Overview

This report demonstrates the Law of Large Numbers and the Central Limit

Theorem. It includes code to simulate a large data set of random exponential

variables; calculate the sample mean and variance; compare these parameters

to the population parameters; and plot the distributions to reveal the bell

shape curve. This code and analysis is created using R 3.3.1 on

August 14, 2016.

Simulations

This R code uses rexp to create 1000 simulated samples, each of size 40.

The means and variances of these samples are also calculated. The population

lambda = .02, the mean = 1/lambda and the standard deviation = 1/lamda.

lambda <- .02
mean   <- 1/lambda
sigma  <- 1/lambda
nosims <- 1000
n      <- 40
semean <- sigma/sqrt(n)
popvar <- sigma^2
set.seed(10109)
mns    <- NULL
for (i in 1:nosims) mns = c(mns, mean(rexp(n,lambda)))
stdev   <- NULL
for (i in 1:nosims) stdev= c(stdev, sd(rexp(n,lambda)))

Sample Mean vs. Theoretical Mean

This first chart compares the Sample Mean vs. Theoretical Mean to

demonstrate the Law of Large Numbers.
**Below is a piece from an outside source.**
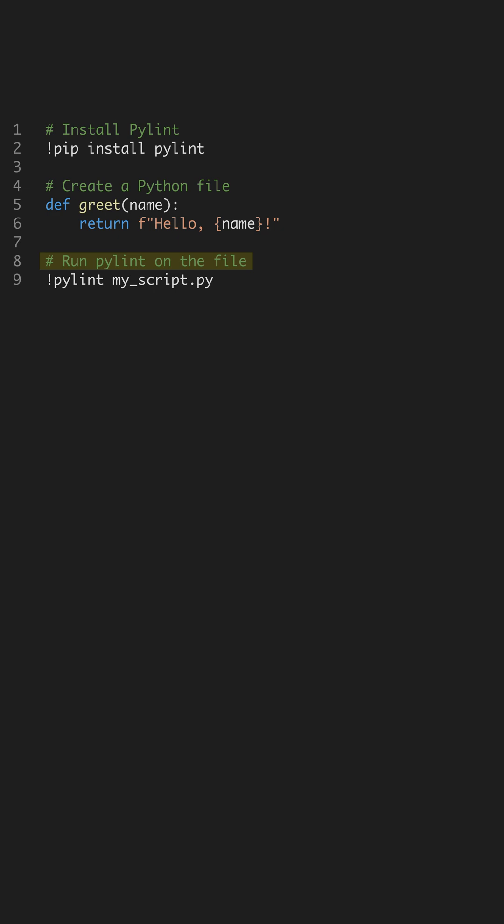By incorporating PyLint into your workflow, you not only catch errors early, but also cultivate a discipline of writing clean, maintainable code. This benefits team projects and personal scripts alike, reinforcing good practices in every line of code you write.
The mean approaches

what it is trying to estimate as sample size increases. This chart plots

1000 means calculated from random samples of exponential variables, each

sample size 40. It plots the population mean = 1/lambda = 50, vs. the

overall mean of the the 1000 sample means.

means <- cumsum(mns)/(1:nosims)
library(ggplot2)
g     <- ggplot(data.frame(x=1:nosims, y=means), 
                aes(x=x, y=y))
g     <- g + geom_hline(yintercept = mean) +
  geom_line(size=2)
g     <- g + labs(x = "Number of observations", 
                  y= "cumulative mean")
g

Sample Variance vs. Theoretical Variance

The Central Limit Theorem also states that not only are averages

approximately normal, but they are centered around the mean and the standard

deviation is equal to the standard error of the mean. The code that follows

demonstrates this holds true also for the variance = (standard error mean)^2.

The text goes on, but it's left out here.